The actual question of the problem aside, what does the second equation really tell me? I know that the first says that the winding number of $f(D(0,3))$ about the origin is 2, and that because $f$ is holomorphic in the disc there are no poles and so $f$ must have two zeroes in $D(0,3)$.

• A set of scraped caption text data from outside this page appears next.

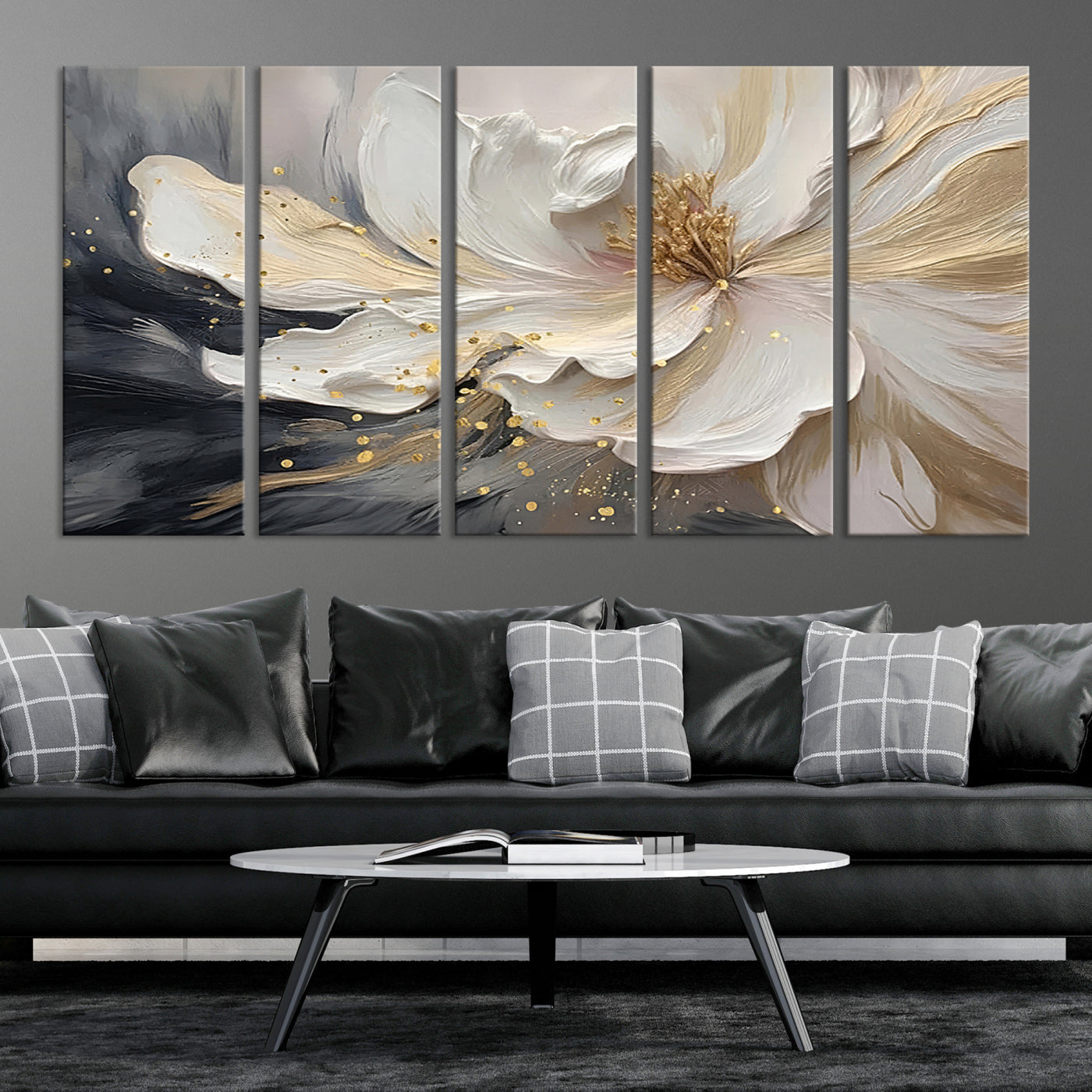 Abstract Floral Wall Art Canvas Print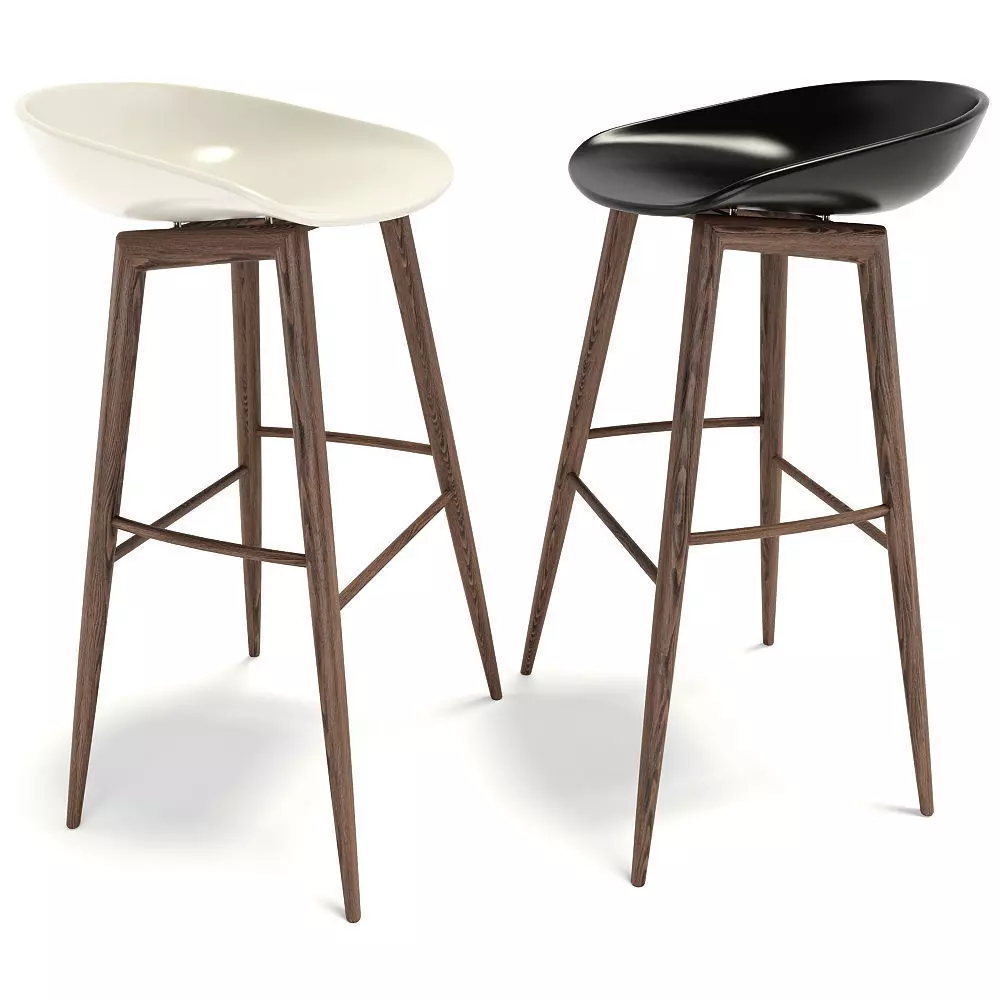 Hunter Bar Stool 3D model_0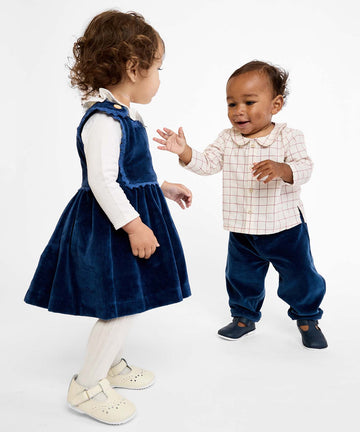 Bowie Baby Pant, Petrol Velvet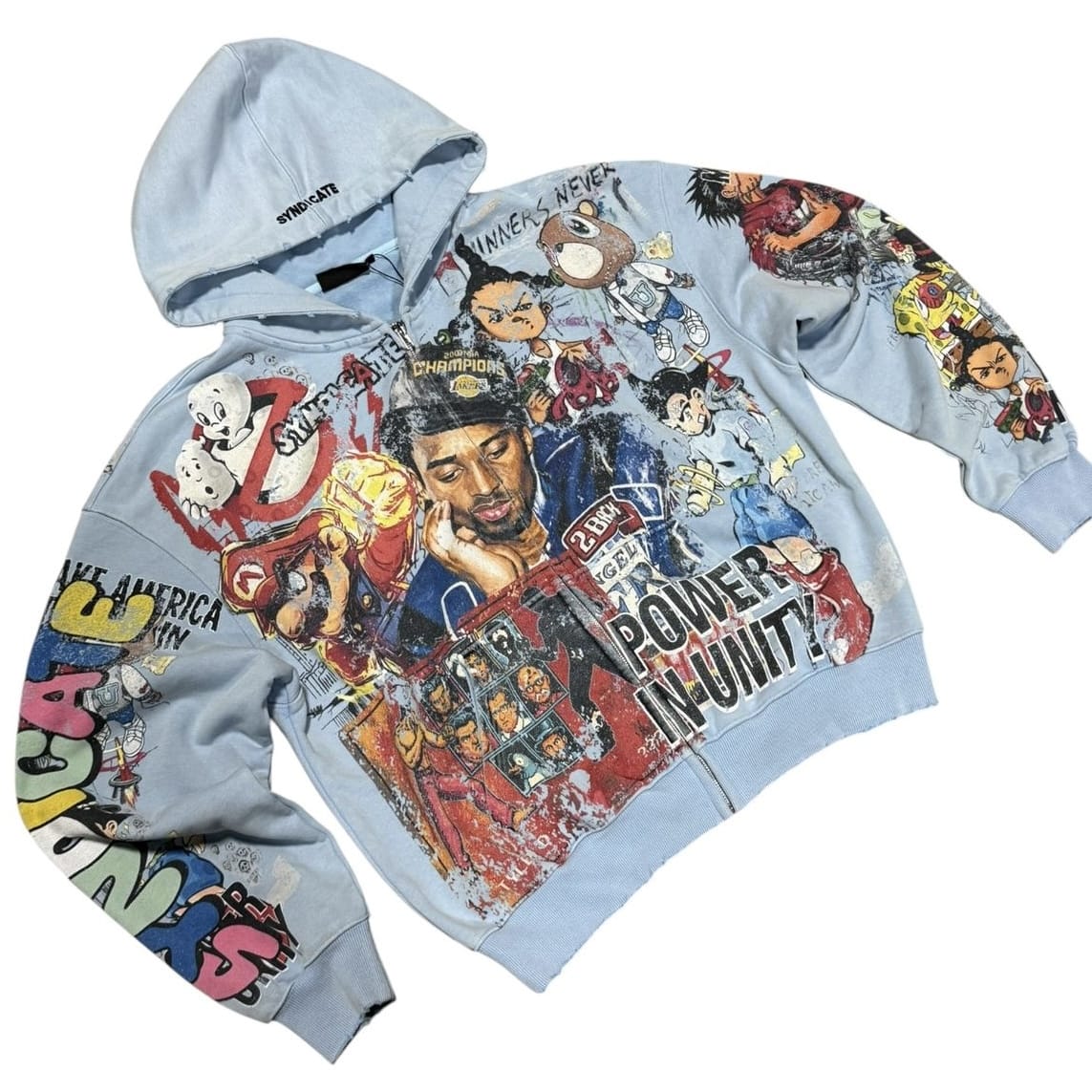 The Syndicate Unity 2.0 Zip Up Hoodie (Baby Blue)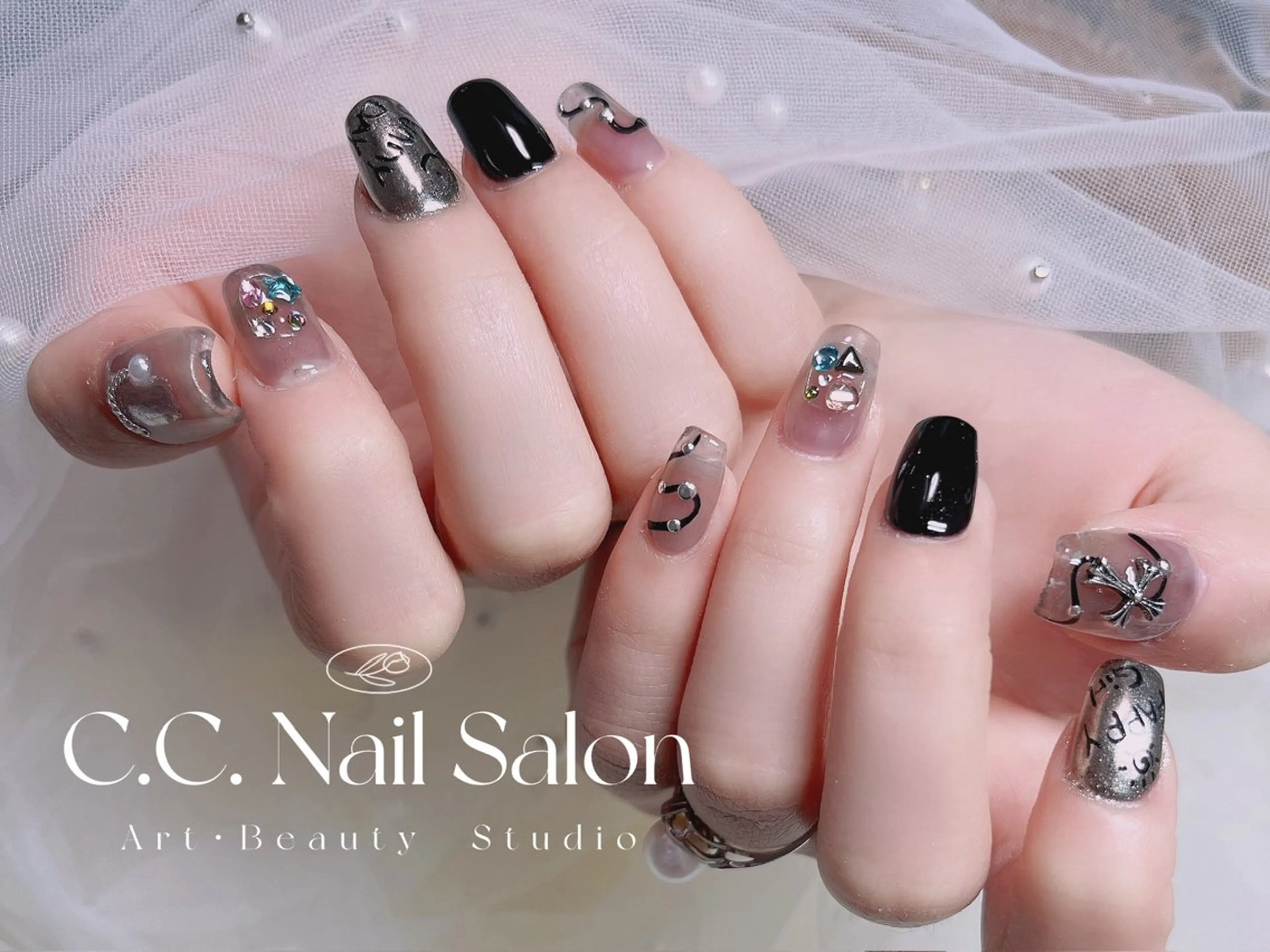 ネイル ハンドネイル C.C.Nail Salon所属・✨C.C. Nail 🎀池袋のネイルデザイン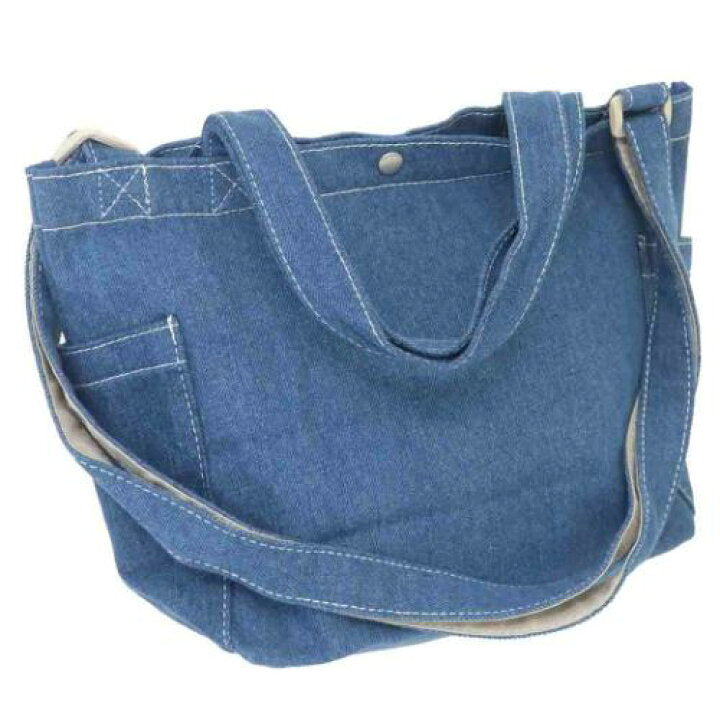 "ELLE x Pompompurin" Denim Shoulder Bag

Eventually I'm trying to locate those zeroes, and there's a third equation as well that I imagine is supposed to help me along, but what more information can I glean from that second equation?

Thanks.
• May 25th 2010, 02:30 PM
Laurent
Quote:

Originally Posted by cribby
I'm given that $\frac{1}{2 \pi i} \int_{\partial D(0,3)} \frac{f'(z)}{f(z)}\,dz = 2$ and also that $\frac{1}{2 \pi i} \int_{\partial D(0,3)} z \frac{f'(z)}{f(z)}\,dz = 2$. I know that $f$ is analytic on the curve and on the interior region as well, and that $f(z)\neq 0, \forall z \in \partial D(0,3)$.

The actual question of the problem aside, what does the second equation really tell me?

If $z_0$ is a zero of multiplicity $k$, then $f(z)\sim C(z-z_0)^k$ and $f'(z)\sim Ck(z-z_0)^{k-1}$ as $z\to z_0$, hence $\frac{f'(z)}{f(z)}\sim\frac{k}{z-z_0}$ and $\frac{z f'(z)}{f(z)}\sim\frac{kz_0}{z-z_0}$. Thus, the residue of $z\mapsto\frac{f'(z)}{f(z)}$ at $z_0$ is the multiplicity of $z_0$ (as a zero), i.e. the "number of zeroes at $z_0$", while the residue of $z\mapsto\frac{zf'(z)}{f(z)}$ is $kz_0$, i.e. the "sum of zeroes at $z_0$" (counting multiplicity).

Thus, by the theorem of residues, the first integral is the number of zeroes inside the curve (counting multiplicity) and the second integral is the sum of these zeroes (counting multiplicity). With $z^2$ you would get the sum of their squares, and so on.